Meeting the SECA Challenge

View of Asian Harbor

Published Feb 19, 2015 4:17 PM by Joseph Collum

(Article originally published in Nov/Dec 2014 edition.)

***From Nov-Dec 2014 Edition of The Maritime Executive magazine***
On January 1st a new IMO mandate for North America and northern Europe will take effect, reducing the amount of sulfur in fuel by 90 percent. But how will it be enforced?
The shipping industry is bracing to feel “the pointy end of the stick,” as one executive calls it, when new sulfur emission regulations take effect on January 1, 2015 in northern Europe, North America and the Caribbean Sea. “What’s coming just two months from now is unprecedented,” says Roger Strevens, Chairman of the Trident Alliance, a coalition of 24 international shipowners and operators formed last July out of alarm that authorities are not ready to enforce the new pollution standard.

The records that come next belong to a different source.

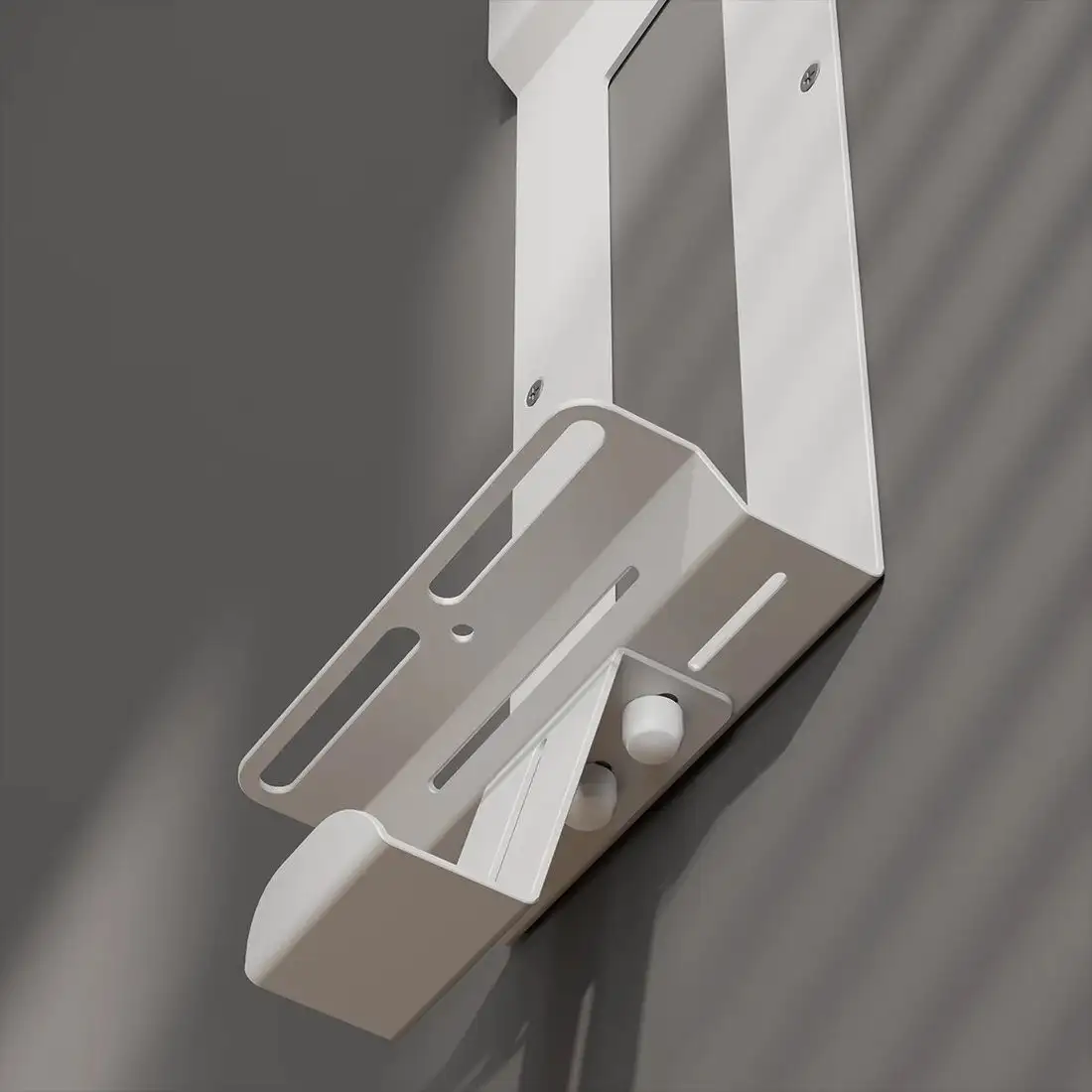 Держатель Holder PSM-01-W – фото товара
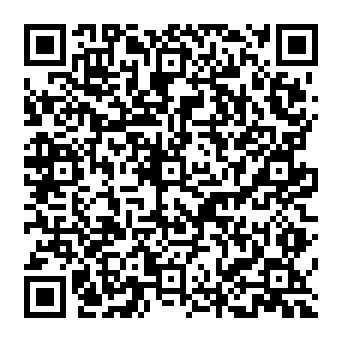 QR aef07af
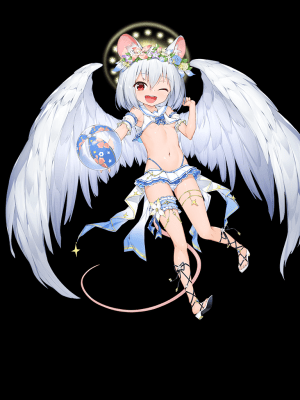 Midnight Girls R_0335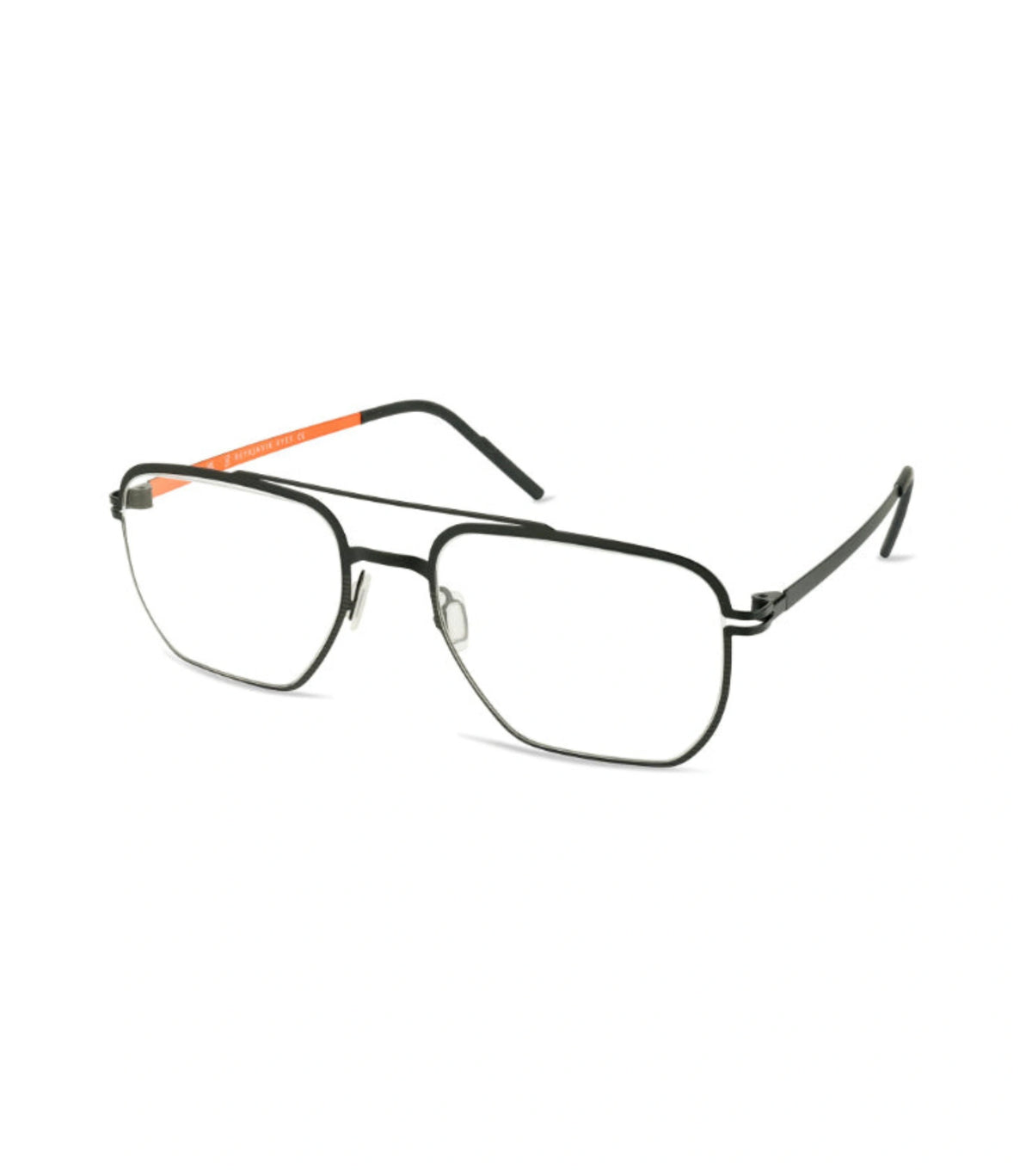 Eyeglasses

Beginning New Year’s Day, vessels ranging from tankers and ferries to container ships and ocean liners must cut sulfur emissions from the current permitted level of 1.0 percent to 0.1 percent. That will mean dramatically higher costs, a shift in cargo movements from sea to land, and unfair competition if enforcement is not robust. 
The Enforcement Issue
“The reason some of us are screaming that the sky is falling is because we realize the enforcement end of this is woefully not ready,” says Strevens, who is also VP of Environment at Wallenius Wilhelmsen Logistics.
In Europe, the Sulfur Emission Control Area (SECA) will aim at shipping in the Baltic Sea, North Sea and English Channel. In North America, the Emission Control Area (ECA) will regulate not only sulfur oxide (SOx) discharges but also nitrogen oxide and particulate matter for ships in U.S. and Canadian waters and U.S. territories in the Caribbean, including Puerto Rico and the Virgin Islands. 

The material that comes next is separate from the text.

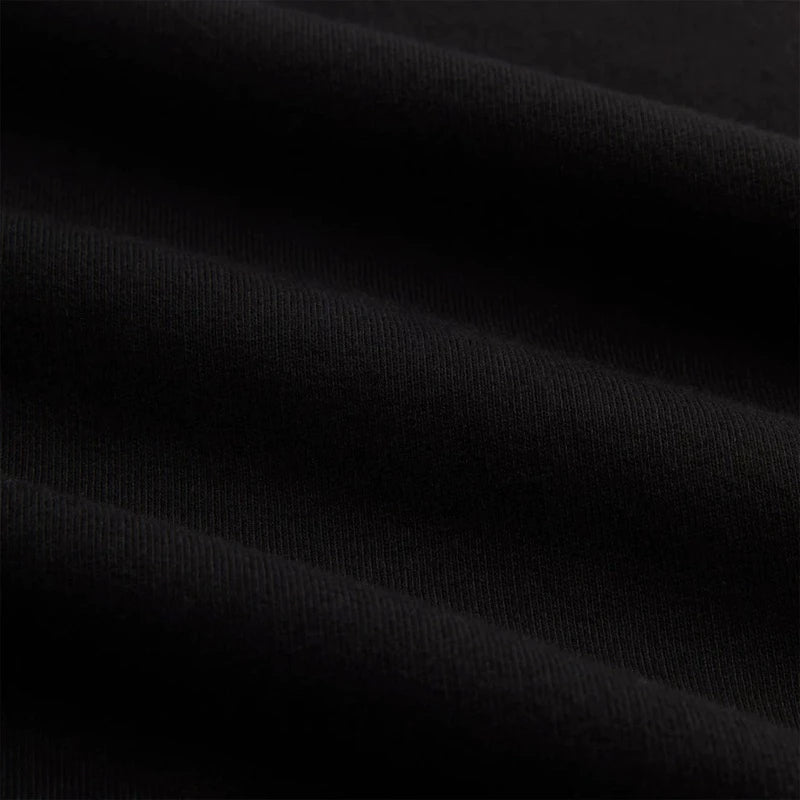 KITH Donald Duck Astronaut Hoodie 唐老鴨 帽T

The impetus behind the new mandate is public health. The European Commission estimates 50,000 premature deaths occur annually in Europe as a result of maritime sulfur emissions. In North America, the U.S. Environmental Protection Agency calculates reduced sulfur levels from shipping will save as many as 14,000 lives and $110 billion in health expenditures per year by 2020. 
On the North American side, protocols will be enforced by the EPA and the U.S. and Canadian Coast Guards. Even though territorial waters extend 200 miles from shore, most ships will be inspected at anchorage or dockside. Violators can be fined up to $25,000 per infraction and be prohibited from sailing until deficiencies are corrected. Shipping executives in the North American ECA do not seem overly concerned about the equity of enforcement. However, their counterparts in Europe are approaching 2015 with trepidation. 

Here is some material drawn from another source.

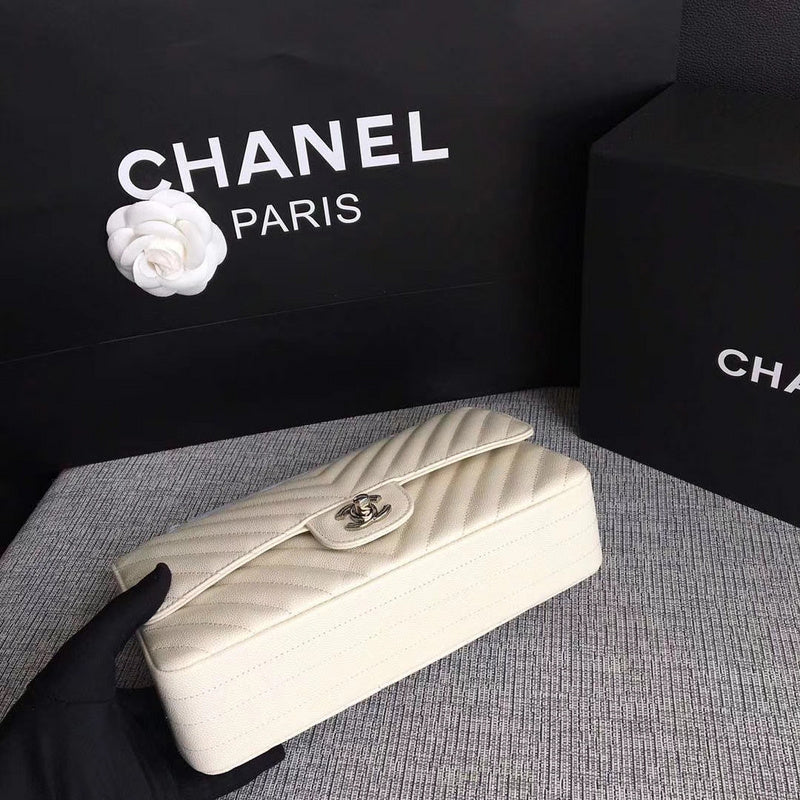 Chanel Bags - BG Bags - 731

In the EU, where jurisdiction will be fractured into many different states, the Trident Alliance asserts enforcement of maritime laws is already lax. Only about one-in-1,000 vessels is inspected, and half of those are found to be in violation of sulfur limits. With the SECA deadline only weeks away, 12 European Union nations have yet to pass laws to administer the new rules. Strevens says Trident members fear slack enforcement will lead to cheating by other shipowners and operators looking to save money. 
“There are multiple reasons why companies comply,” he notes, “but with weak enforcement and high cost there is a temptation not to. You can realize a very great commercial advantage through non-compliance. That distorts the competitive landscape, and for the companies that are complying that’s simply an unacceptable business threat.” 
Some European states appear ready to enforce the regulations. Denmark recently announced it will spend €940,000 to, among other steps, employ aerial “sniffer drones” to fly over vessels to smell engine exhaust for sulfur content and to install detection devices beneath the Great Belt Bridge leading to and from the Baltic Sea. 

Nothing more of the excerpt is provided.